Penggeledahan kantor PT Dana Syariah Indonesia (DSI) telah menimbulkan spekulasi tentang kasus fraud yang dilakukan oleh perusahaan tersebut. Otoritas Jasa Keuangan (OJK) dan Kepolisian masih melakukan penyelidikan terkait dugaan penggelapan dalam jabatan dan penggelapan, serta tindak pidana penipuan.

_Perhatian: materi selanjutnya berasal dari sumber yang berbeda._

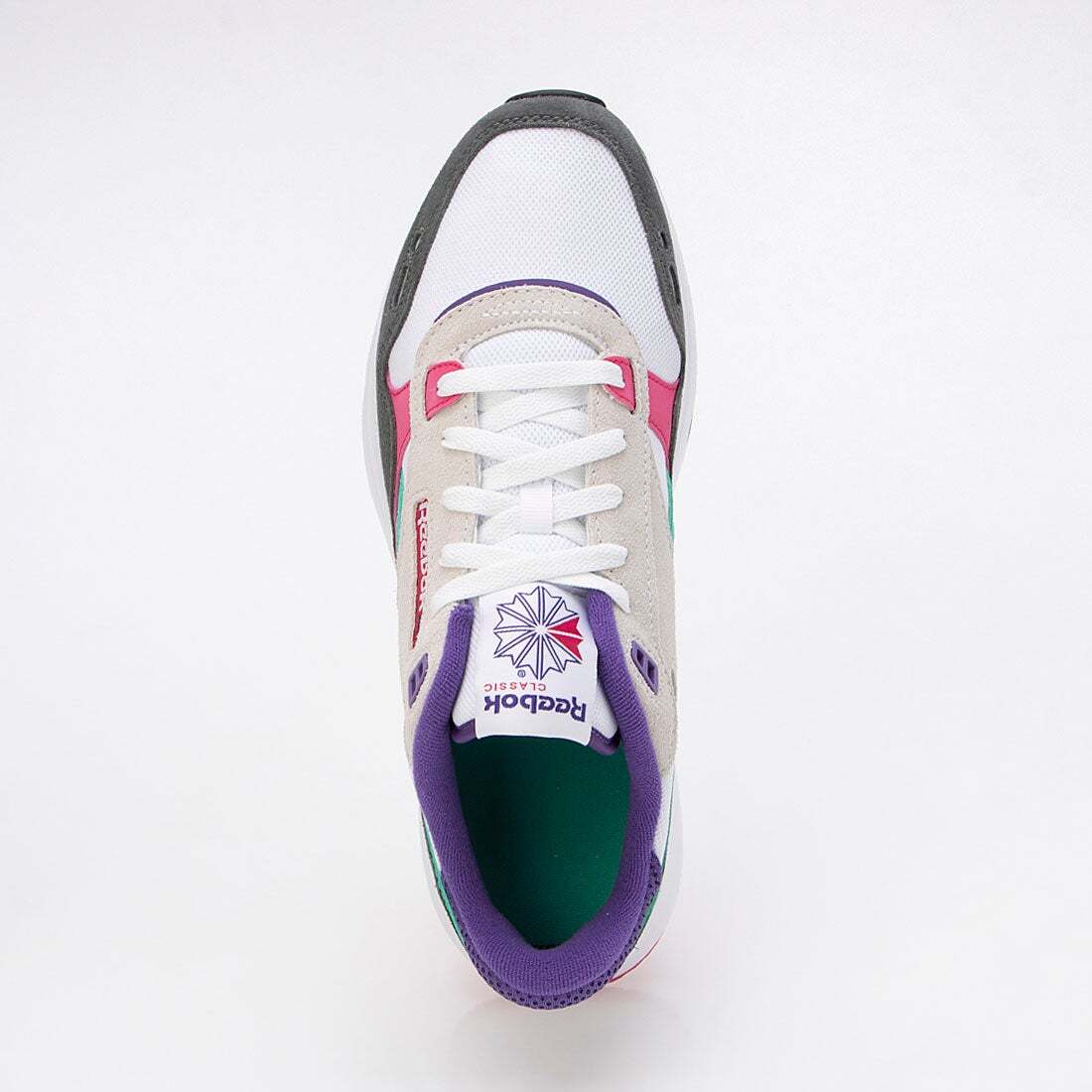 Reebok Classic Leather 2400 Chalk Grey 5 Bold Pink 100201036 Sneaker Men Us7.5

Ketua Dewan Komisioner OJK, Mahendra Siregar, mengaku tidak bisa memberikan komentar banyak terkait penggeledahan tersebut karena masih menyangkut masalah hukum. Namun, ia tetap berkomitmen untuk terus berkoordinasi dengan Kepolisian dan manajemen DSI terkait upaya pengembalian dana nasabah.
Penggeledahan kantor DSI Jumat lalu (23/1/2026) sore dilaksanakan oleh Direktorat Tindak Pidana Ekonomi dan Khusus (Dittipedeksus) Bareskrim Polri. Penyidik menduga terjadi penipuan melalui media elektronik, pembuatan pencatatan laporan palsu dalam pembukuan atau laporan keuangan, serta tindak pidana pencucian uang atas penyaluran pendanaan dari masyarakat.

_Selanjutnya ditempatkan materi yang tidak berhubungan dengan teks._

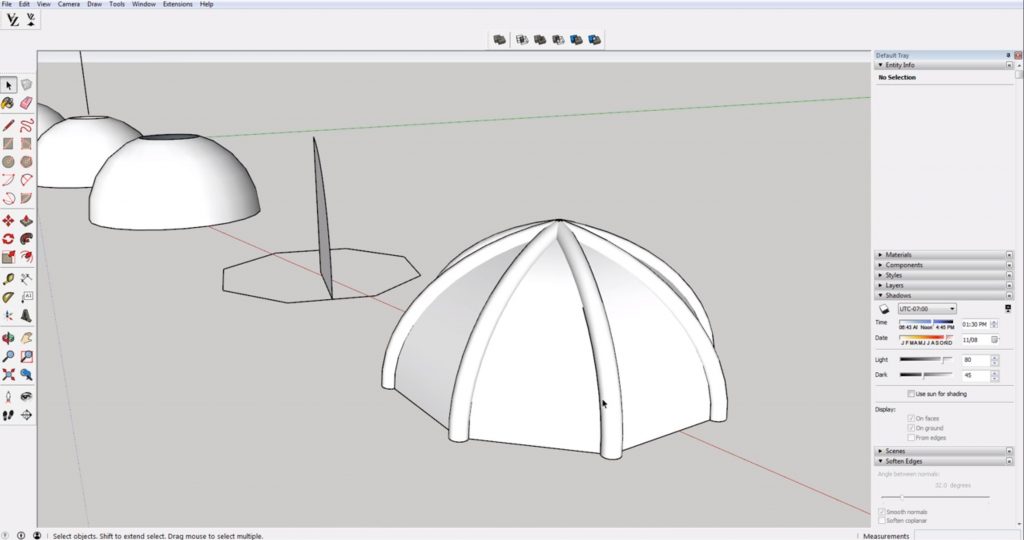 domes in Sketchup with ribs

Kasus tersebut diduga dilakukan DSI dengan menggunakan proyek fiktif dari data atau informasi borrower. Mereka juga diduga melanggar Pasal 488 dan/or Pasal 486 dan/or Pasal 492 Undang-Undang Nomor 1 Tahun 2023 tentang KUHP, serta Pasal 607 ayat (1) huruf a, huruf b, dan huruf c.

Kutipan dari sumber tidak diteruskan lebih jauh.